The team at Hyland’s had no concern with the athlete’s commitment. They loved his story and his connection to the race and brought him on board.
“It was a great trip,” Fitzgerald said Monday from his parent’s New Hampshire home. “Hyland’s had a whole agenda for us. It was kind of cool, we were wined and dined. We really got the VIP treatment.”
Fitzgerald spent Saturday positioned at the race expo signing his recently released book, “How Bad Do You Want It?” before taking in a Red Sox game at Fenway Park.

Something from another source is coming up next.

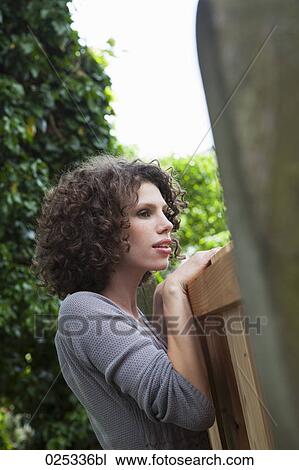 portrait of young woman looking over garden fence View Large Photo Image Stock Image - portrait of young woman looking over garden fence. Fotosearch
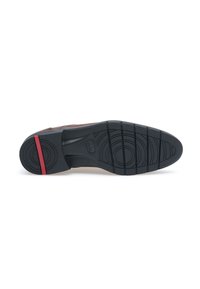Suola di scarpe in gomma nera caratterizzata da scanalature orizzontali, un motivo di grip testurizzato e una striscia rossa vicino al tallone.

Sunday was spent resting his legs and hydrating.
“It was warm,” he said of the Boston start line. “I felt like I had my legs back, but it was too warm to go with Plan A. So, I ran the best that I could.”
The ‘best that he could,’ was a finish time of 2:56:18 (an average mile pace time of 6 minutes, 43 seconds).
“There’s so many good runners at Boston,” he continued. “I just wanted elbow room. It was a tough race; the course doesn’t suit me now any more than it did in 2009.”
Still, he felt he prepared well for the experience.
“Everything I hoped would make a difference did,” he said of his race strategy. “The last few miles I felt I had energy to burn but my legs were just done. For me being able to see it through and get to the finish line, I have a lot of gratitude for that.”
Fitzgerald currently resides in Oakdale with his wife Nataki. He continues to write as well as works as a certified nutritionist and a fitness consultant. Additional information on Fitzgerald can be found at www.mattfitzgerald.org.
“The Boston Marathon has just huge personal significance to me,” he concluded. “I’m really grateful to Hyland’s for this opportunity.”